鍼灸(しんきゅう)

 鍼灸とは、一定の方式に従い鍼を身体に刺し、又は艾を燃焼させて、一定の部位に刺激を与えることによりからだの変調を正し、保健及び病気の予防又は治療に広く応用する施術です。

鍼灸治療が効果を示す症状の多くは、運動器系に起因します。

 受療者の多くは、腰下肢痛、膝痛、頚肩腕痛、肩関節痛が占めています。 腰が痛いからといって、病院でレントゲンを撮って貰っても、必ずしもその原因がフイルムに写し出されるとは限りません。骨が外れていたり、ヘルニアがあったりして、レントゲンで異常が発見される事は、むしろ少ないのです。こういう場合に威力を発揮するのが鍼灸です。

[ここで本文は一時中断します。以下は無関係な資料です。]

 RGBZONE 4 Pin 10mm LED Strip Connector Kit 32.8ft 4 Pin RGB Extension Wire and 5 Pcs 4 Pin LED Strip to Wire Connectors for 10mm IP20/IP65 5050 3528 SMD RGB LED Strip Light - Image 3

内科的な、特に自律神経系の疾患にも有効性が見られます。

 腰痛にしても、ヘルニアや骨の異常からくるもの以外に、内臓の病気が原因となっているケースも少なくありません。また、筋肉の疲れが原因の場合もあります。それも、精神的なストレスから来ていることもあるのです。このような内科的な自律神経症も鍼灸では治療の対象になっています。

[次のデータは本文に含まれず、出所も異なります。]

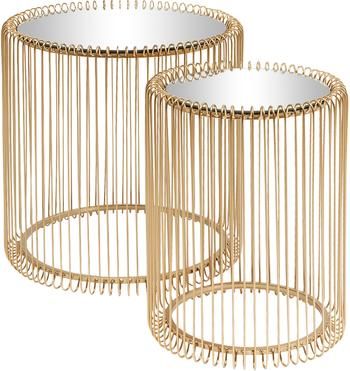 Set 2 tavolini da salotto con piano in vetro Wire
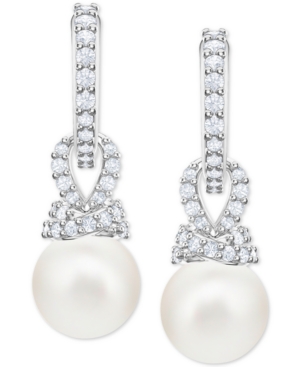 image of Swarovski Silver-Tone Pave & Imitation Pearl Drop Earrings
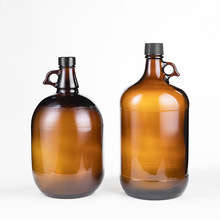 棕色加州玻璃酒瓶外贸茶色瓶8斤大肚葡萄4L酵素罐子大容量复古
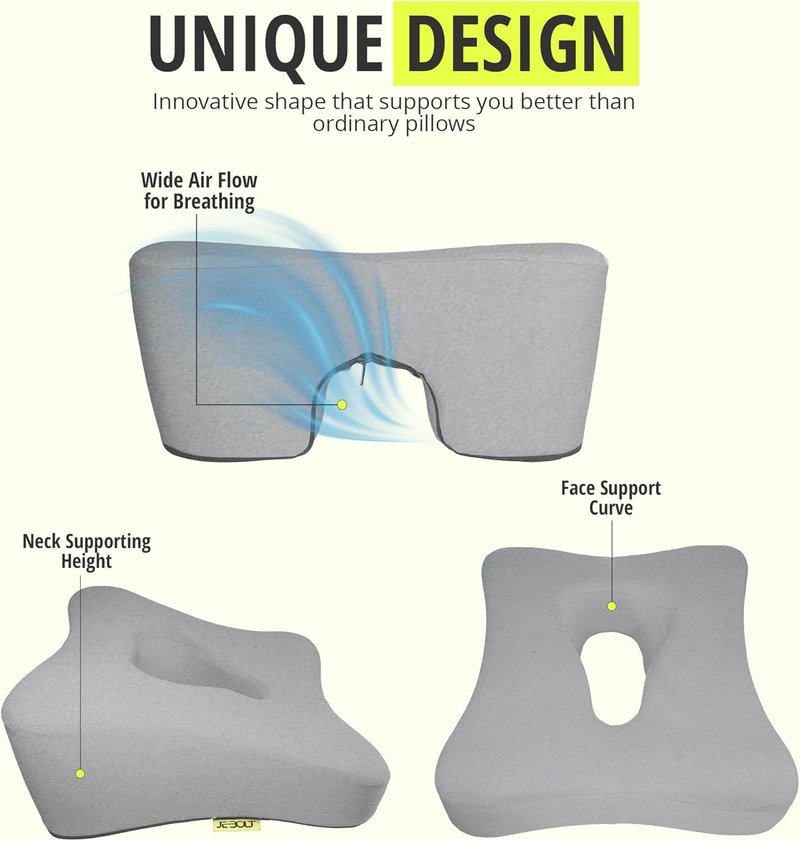Skiennix Face Down Pillow - Comfortable Headrest for Massage Tables | Includes 2 Covers & Gua-Sha Tool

鍼灸では、人間の身体の全体の調子をみて、診断します。

 鍼灸は外科的なものも内科的なものも、同時併行で診て、内臓のどこが疲れているか骨や筋肉のどこがおかしいか等をみて、身体全体の調子を診断します。一見まるで無縁のような身体の各器官・部分が、全体として連動しているからです。(人の身体には、ツボ(経穴)というポイントがあり、それらが経絡という通路でつながっています。)

注射の針と鍼灸の鍼とは、かなり違いがあります。

 注射針というのは、薬液を注入する管で、針の先は、竹を斜めにスパッと切ったような断面になり、体に入る時には、皮膚を切るようにして刺します。 しかし、鍼は丸い同心円が限りなく先細りになっている文字どおりの針で実際には皮膚の表面細胞を分けるようにして入っていくので、皮膚を切る痛みも殆んど・ありません。 なお当院では、衛生面をも考慮し、使い捨て鍼を使っています。

   

当院では、自費治療とは別に健康保険による治療も行っています。

健康保険で鍼灸治療を受けられるのは、以下の6つの疾患とされています。
  
◎神経痛
  ◎リウマチ
  ◎五十肩
  ◎頚腕症候群(首・肩・腕に痛みやしびれ感をおこす病気の総称)
  ◎腰痛症
  ◎頚椎捻挫後遺症(むち打ち)
 保険で鍼灸治療を受けるには医師の治療を数日間受けている事が必要です。
 上記病名で医師の治療を受けていない方は、医療機関を紹介しますので、
 そちらで受診して下さい。

保険で治療を受けるには、同意書、保険証、印鑑等が要ります。

 保険で鍼灸治療を受けるには、受診されている医師の同意書が必要です。
 医師が同意書を書くというのは、鍼灸に任せるということですので、以後その病気については病院との併用は出来ません。
 同意書の用紙は当院にありますので、お申し出で下さい。
 又保険治療を開始される時には、保険証、印鑑(朱肉用)が必要です。
 なお、老人・母子・障害保険では医療証も必要となりますので、合わせてご持参下さい。